WHAT YOU SHOULD DO. Write out again, exactly, the lines below starting at the one with "Casio G-Shock GM-5600M-1DR Erkek Kol Saati" and ending at the one with "United Airlines Boeing 777-200ER N796UA".

SOURCE RECORDS.
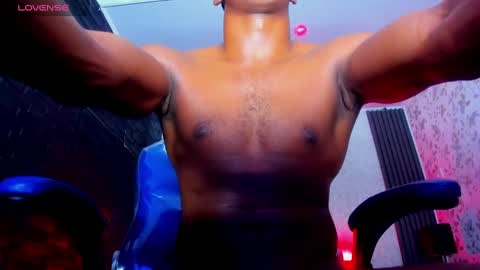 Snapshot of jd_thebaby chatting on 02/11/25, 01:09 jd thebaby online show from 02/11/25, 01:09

---

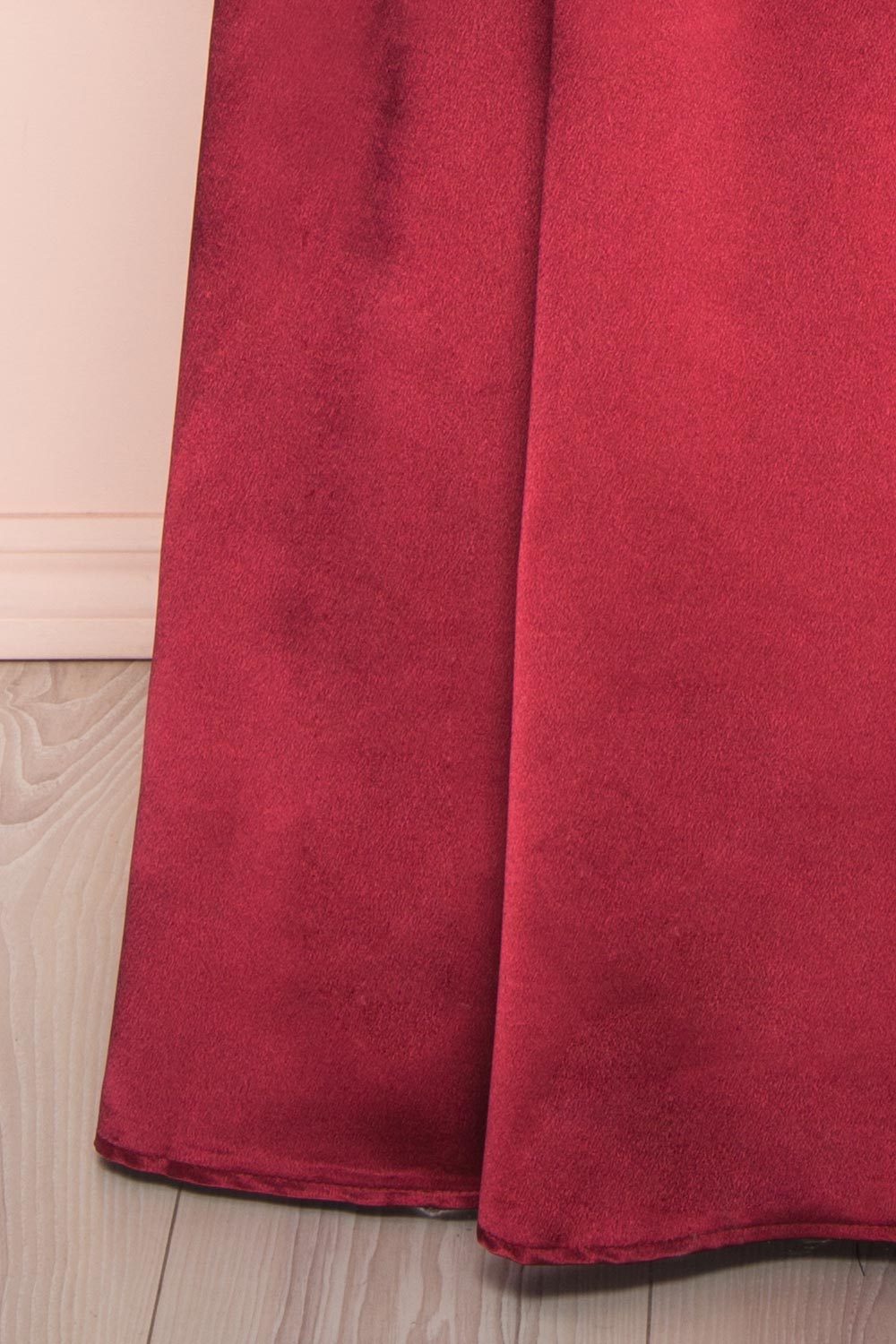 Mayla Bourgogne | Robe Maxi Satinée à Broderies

...

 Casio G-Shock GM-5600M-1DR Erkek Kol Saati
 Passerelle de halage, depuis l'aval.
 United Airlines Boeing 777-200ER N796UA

COMPLETED TASK.
 Casio G-Shock GM-5600M-1DR Erkek Kol Saati
 Passerelle de halage, depuis l'aval.
 United Airlines Boeing 777-200ER N796UA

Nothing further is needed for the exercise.